[Task instructions] The records below must be retyped exactly.

* * *

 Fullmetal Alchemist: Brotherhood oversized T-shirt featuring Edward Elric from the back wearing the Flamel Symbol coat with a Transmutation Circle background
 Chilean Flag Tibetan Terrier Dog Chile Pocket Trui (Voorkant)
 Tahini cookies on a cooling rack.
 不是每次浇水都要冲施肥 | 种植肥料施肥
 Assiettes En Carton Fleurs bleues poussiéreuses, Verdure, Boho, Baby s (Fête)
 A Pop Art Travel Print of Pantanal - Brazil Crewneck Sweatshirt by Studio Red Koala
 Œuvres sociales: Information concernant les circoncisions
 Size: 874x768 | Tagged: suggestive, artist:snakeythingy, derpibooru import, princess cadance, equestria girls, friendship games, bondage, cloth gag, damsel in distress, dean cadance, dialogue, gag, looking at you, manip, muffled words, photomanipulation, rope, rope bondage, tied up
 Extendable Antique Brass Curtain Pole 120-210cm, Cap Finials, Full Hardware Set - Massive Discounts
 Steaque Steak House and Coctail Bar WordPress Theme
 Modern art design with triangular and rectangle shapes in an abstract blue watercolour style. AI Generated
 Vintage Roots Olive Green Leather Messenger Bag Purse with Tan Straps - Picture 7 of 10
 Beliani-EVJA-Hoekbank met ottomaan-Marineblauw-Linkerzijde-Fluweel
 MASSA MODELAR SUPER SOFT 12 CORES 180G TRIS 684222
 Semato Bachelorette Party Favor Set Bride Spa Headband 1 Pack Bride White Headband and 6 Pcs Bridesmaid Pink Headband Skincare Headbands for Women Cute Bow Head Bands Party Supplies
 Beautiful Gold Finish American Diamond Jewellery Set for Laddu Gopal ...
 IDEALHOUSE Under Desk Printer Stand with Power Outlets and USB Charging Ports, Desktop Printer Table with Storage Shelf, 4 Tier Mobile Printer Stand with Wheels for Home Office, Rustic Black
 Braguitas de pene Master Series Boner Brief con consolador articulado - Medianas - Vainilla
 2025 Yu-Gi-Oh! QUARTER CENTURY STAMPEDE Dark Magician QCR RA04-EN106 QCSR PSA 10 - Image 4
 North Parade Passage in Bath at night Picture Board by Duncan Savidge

* * *

[Task output]
 Fullmetal Alchemist: Brotherhood oversized T-shirt featuring Edward Elric from the back wearing the Flamel Symbol coat with a Transmutation Circle background
 Chilean Flag Tibetan Terrier Dog Chile Pocket Trui (Voorkant)
 Tahini cookies on a cooling rack.
 不是每次浇水都要冲施肥 | 种植肥料施肥
 Assiettes En Carton Fleurs bleues poussiéreuses, Verdure, Boho, Baby s (Fête)
 A Pop Art Travel Print of Pantanal - Brazil Crewneck Sweatshirt by Studio Red Koala
 Œuvres sociales: Information concernant les circoncisions
 Size: 874x768 | Tagged: suggestive, artist:snakeythingy, derpibooru import, princess cadance, equestria girls, friendship games, bondage, cloth gag, damsel in distress, dean cadance, dialogue, gag, looking at you, manip, muffled words, photomanipulation, rope, rope bondage, tied up
 Extendable Antique Brass Curtain Pole 120-210cm, Cap Finials, Full Hardware Set - Massive Discounts
 Steaque Steak House and Coctail Bar WordPress Theme
 Modern art design with triangular and rectangle shapes in an abstract blue watercolour style. AI Generated
 Vintage Roots Olive Green Leather Messenger Bag Purse with Tan Straps - Picture 7 of 10
 Beliani-EVJA-Hoekbank met ottomaan-Marineblauw-Linkerzijde-Fluweel
 MASSA MODELAR SUPER SOFT 12 CORES 180G TRIS 684222
 Semato Bachelorette Party Favor Set Bride Spa Headband 1 Pack Bride White Headband and 6 Pcs Bridesmaid Pink Headband Skincare Headbands for Women Cute Bow Head Bands Party Supplies
 Beautiful Gold Finish American Diamond Jewellery Set for Laddu Gopal ...
 IDEALHOUSE Under Desk Printer Stand with Power Outlets and USB Charging Ports, Desktop Printer Table with Storage Shelf, 4 Tier Mobile Printer Stand with Wheels for Home Office, Rustic Black
 Braguitas de pene Master Series Boner Brief con consolador articulado - Medianas - Vainilla
 2025 Yu-Gi-Oh! QUARTER CENTURY STAMPEDE Dark Magician QCR RA04-EN106 QCSR PSA 10 - Image 4
 North Parade Passage in Bath at night Picture Board by Duncan Savidge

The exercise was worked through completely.